Chi ha problemi di tipo psicologico aspira a essere un cittadino come tutti gli altri, e per questo il lavoro rappresenta certamente un obiettivo fondamentale. «Il lavoro ci aiuta a definire quello che siamo» dice ancora il professor Schene, «sia in relazione alle altre persone sia per quanto riguarda quelli che sono il fine e la direzione della nostra vita. Ci dà l’opportunità di sviluppare e tenere allenate nuove abilità e di raggiungere degli obiettivi. Ci dà inoltre una precisa posizione nella società. Definisce chi siamo, quanto siamo capaci, e anche quando siamo indipendenti e solidi da un punto di vista economico. Al contrario, non avere un lavoro o perderlo, o anche solo sentirsi minacciati di poterlo perdere, può avere un grande impatto sull’identità lavorativa e di conseguenza sulla salute mentale».

Il lavoro rappresenta un’attività sociale, che mette le persone a contatto le une con le altre, le fa incontrare, crea relazioni e nuove possibilità di conoscenza. Chi entra in un nuovo ambiente di lavoro deve non solo imparare le abilità tecniche che gli sono richieste, ma anche riuscire a entrare in contatto con le persone con le quali passerà da quel momento in avanti molte ore della sua vita. Delle 168 ore che compongono una settimana, circa un terzo sono impiegate per il riposo notturno e delle restanti 120 ore circa un terzo è passato a contatto con i colleghi. Per alcune persone l’orario di lavoro sfocia anche in quelle che dovrebbero essere i momenti di riposo, diventando l’attività più importante della loro vita.«E’ anche per questo che la perdita del lavoro è correlata a sentimenti di colpevolezza e ridotta autostima, a un ruolo sociale disturbato e a uno status sociale diminuito» dice il professor Schene nel capitolo dedicato a questo argomento, intitolato Improving Mental health Care: The Global Challenge (Wiley, 2013) pubblicato in occasione della conferenza e dedicato al professor Tansella. In pochi decenni i lavori disponibili sono stati trasformati dai mutamenti sociali. Oggi prevalgono le attività di servizio, mentre c’è un declino di agricoltura e industria.
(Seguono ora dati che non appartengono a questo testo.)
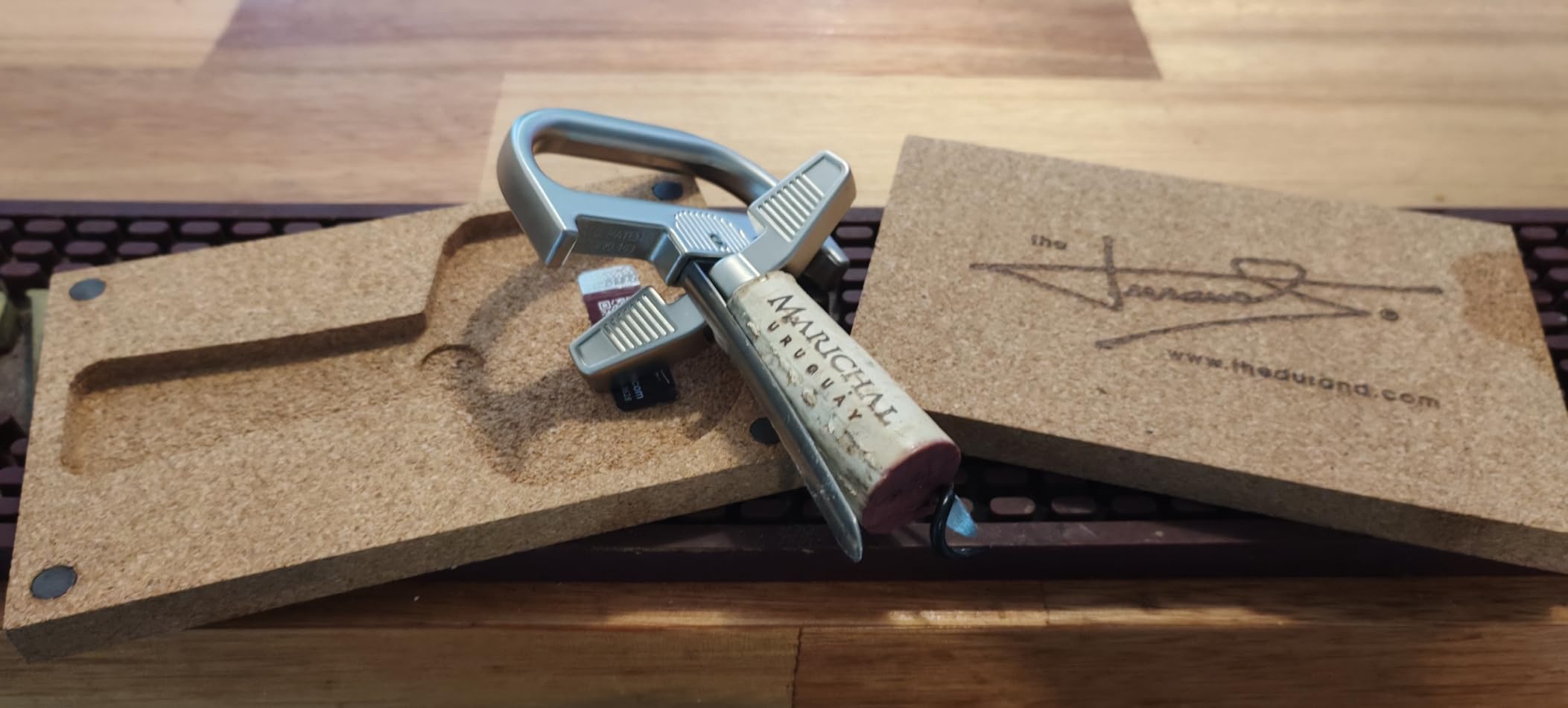 The Durand Two Part Wine Cork Removal Device | Removes Older Corks, Removes Fragile Corks, Extracts Corks Whole and Intact customer photo 1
LAVORI DI ATTENZIONE - Ma in questi nuovi settori sono sempre meno richiesti lavori di tipo fisico, e prevalgono lavori che richiedono attenzione, concentrazione, flessibilità e proattività, tutte abilità che possono risultare faticose per chi ha un problema psichico. Una difficoltà ulteriore deriva dal fatto che è sempre più raro un lavoro davvero indipendente. La maggioranza degli impieghi oggi prevede condizioni di dipendenza, necessità di interrelazione, e anche questo aspetto contribuisce a rendere le cose difficili per che ha un disturbo di tipo psicotico, ma anche per chi è semplicemente depresso. «I lavoratori che soffrono di depressione hanno un aumentato rischio di assentarsi dal lavoro per malattia» spiega Schene. «E chiedono più sussidi di disabilità rispetto ai loro colleghi. L’impatto della depressione è anche più elevato di condizioni mediche debilitanti come l’artrite reumatoide e la malattia coronarica». Ne conseguono costi per l’intera società. Nel 2000, negli Stati Uniti i due terzi dei costi sociali totali della depressione erano correlabili al lavoro perduto. Oltre 51 miliardi di dollari su un costo totale di circa 83 miliardi. E ci sono ulteriori costi nascosti, dovuti alla perdita di produttività che si manifesta anche quando si è presenti sul posto di lavoro. «Questi costi sono valutabili da tre a cinque volte più alti dei costi combinati per assenteismo e per i trattamenti medici» conclude Schene.